START RECORDS TO USE

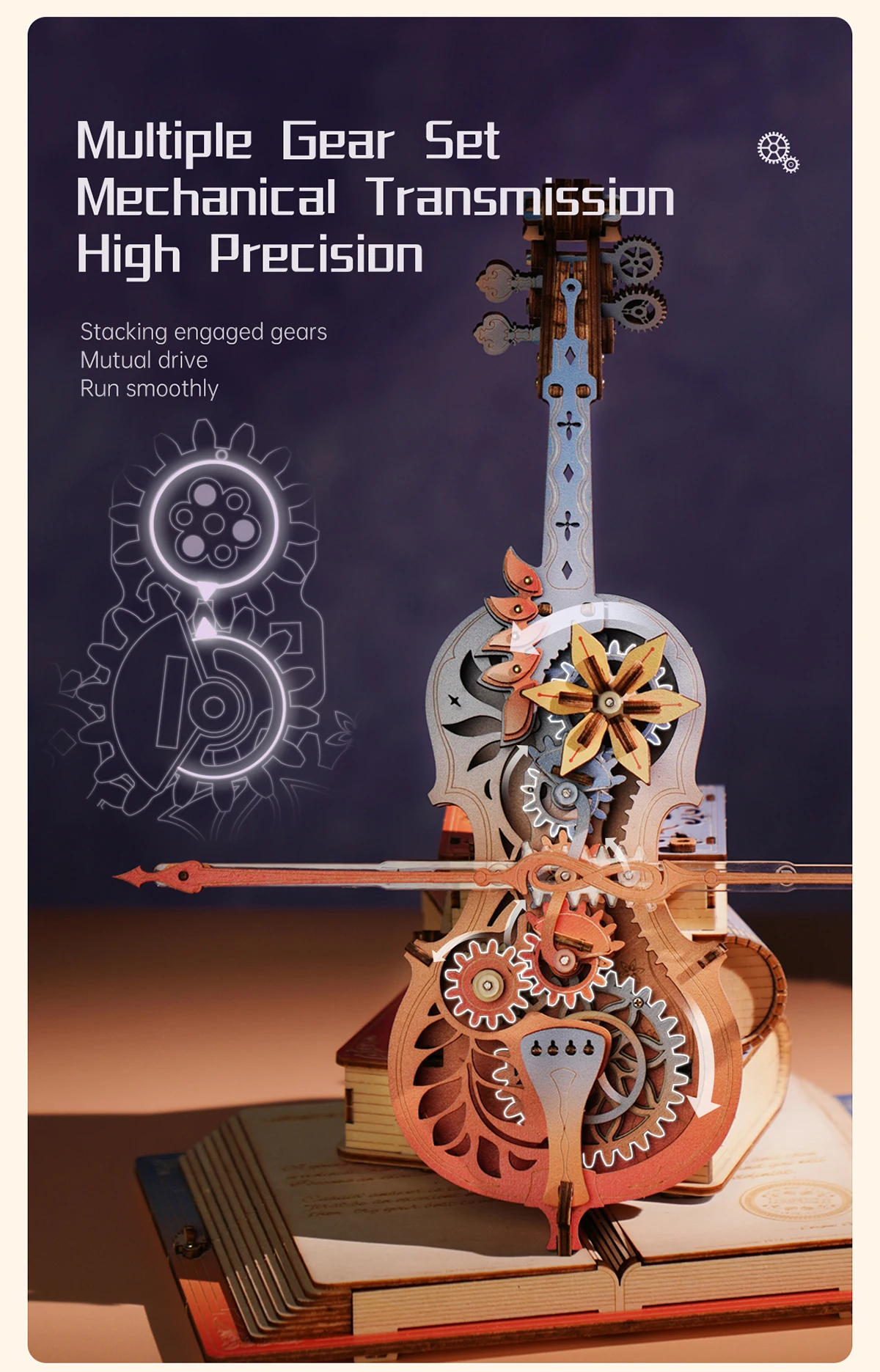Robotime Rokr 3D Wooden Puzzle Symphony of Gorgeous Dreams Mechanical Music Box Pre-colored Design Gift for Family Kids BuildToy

END RECORDS TO USE
START RECORDS TO USE

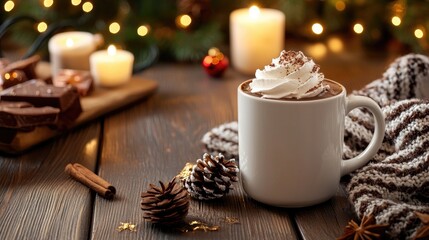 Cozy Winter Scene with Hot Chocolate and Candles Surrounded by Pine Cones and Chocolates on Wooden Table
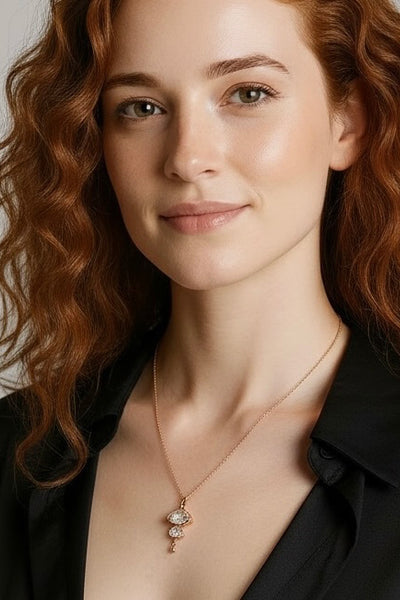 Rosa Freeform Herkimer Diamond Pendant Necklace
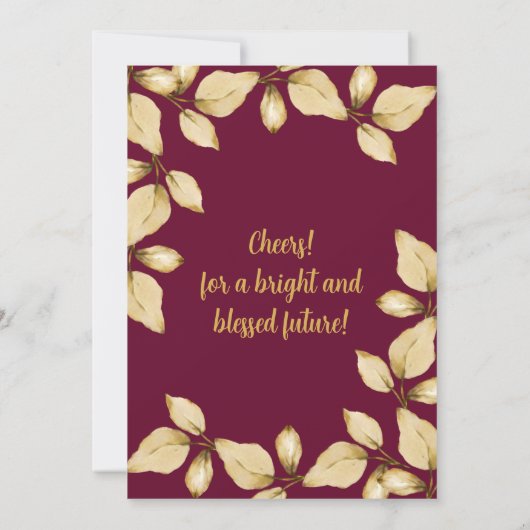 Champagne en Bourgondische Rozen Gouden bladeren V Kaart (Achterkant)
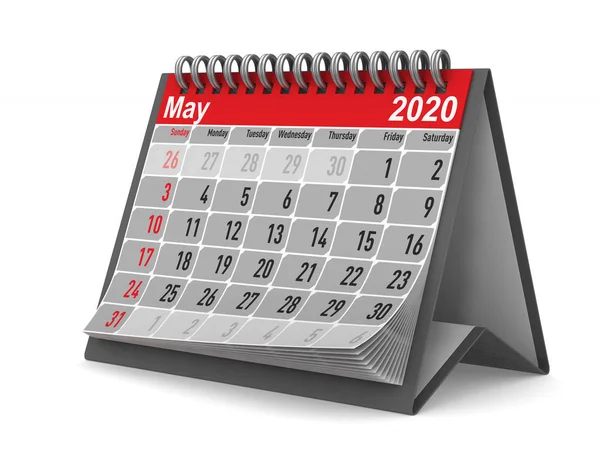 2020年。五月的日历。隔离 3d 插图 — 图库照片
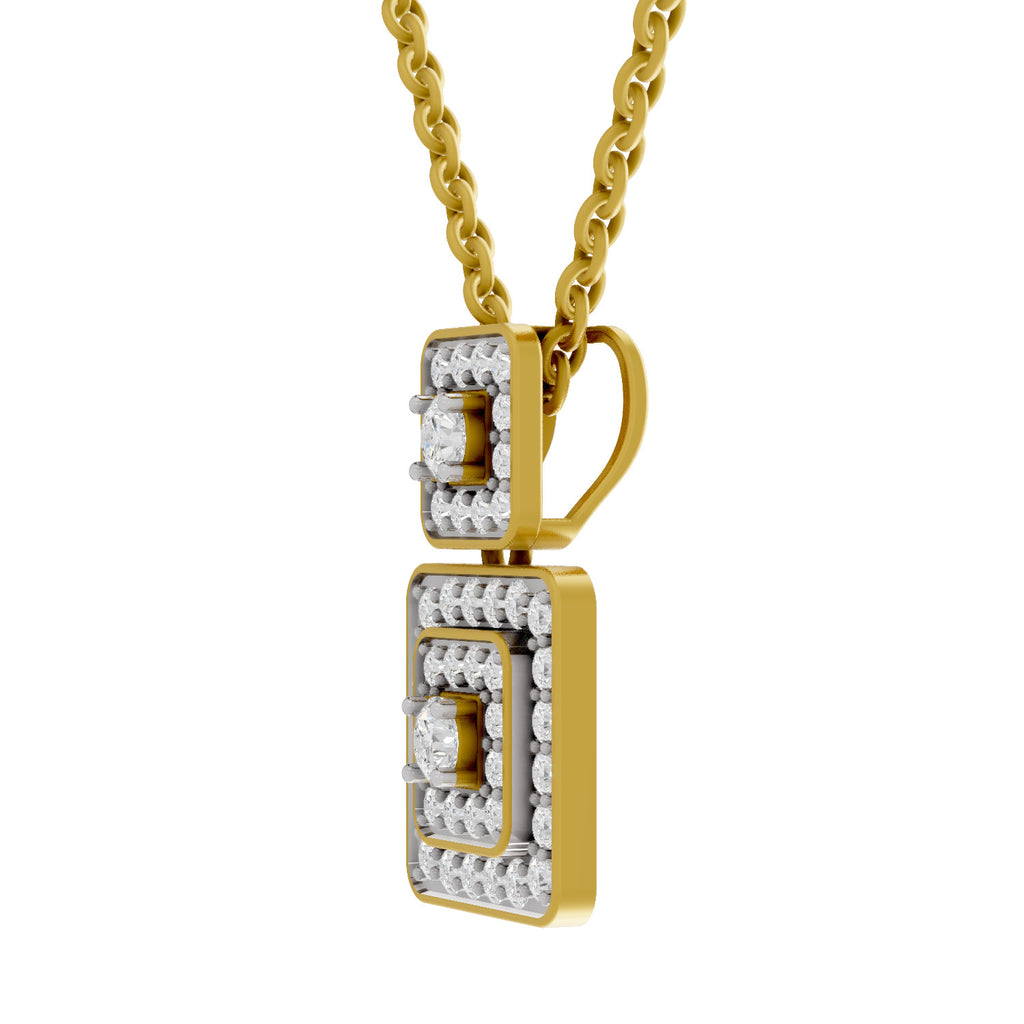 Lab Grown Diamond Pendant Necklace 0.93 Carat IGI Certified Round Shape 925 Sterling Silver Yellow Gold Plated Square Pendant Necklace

END RECORDS TO USE

- WHAT IS EXPECTED
Above are the records; copy from them only the lines starting at the one containing "Champagne en Bourgondische" and ending at the one containing "Lab Grown Diamond", exactly and without pictures.

- COMPLETED EXERCISE
 Champagne en Bourgondische Rozen Gouden bladeren V Kaart (Achterkant)
 2020年。五月的日历。隔离 3d 插图 — 图库照片
 Lab Grown Diamond Pendant Necklace 0.93 Carat IGI Certified Round Shape 925 Sterling Silver Yellow Gold Plated Square Pendant Necklace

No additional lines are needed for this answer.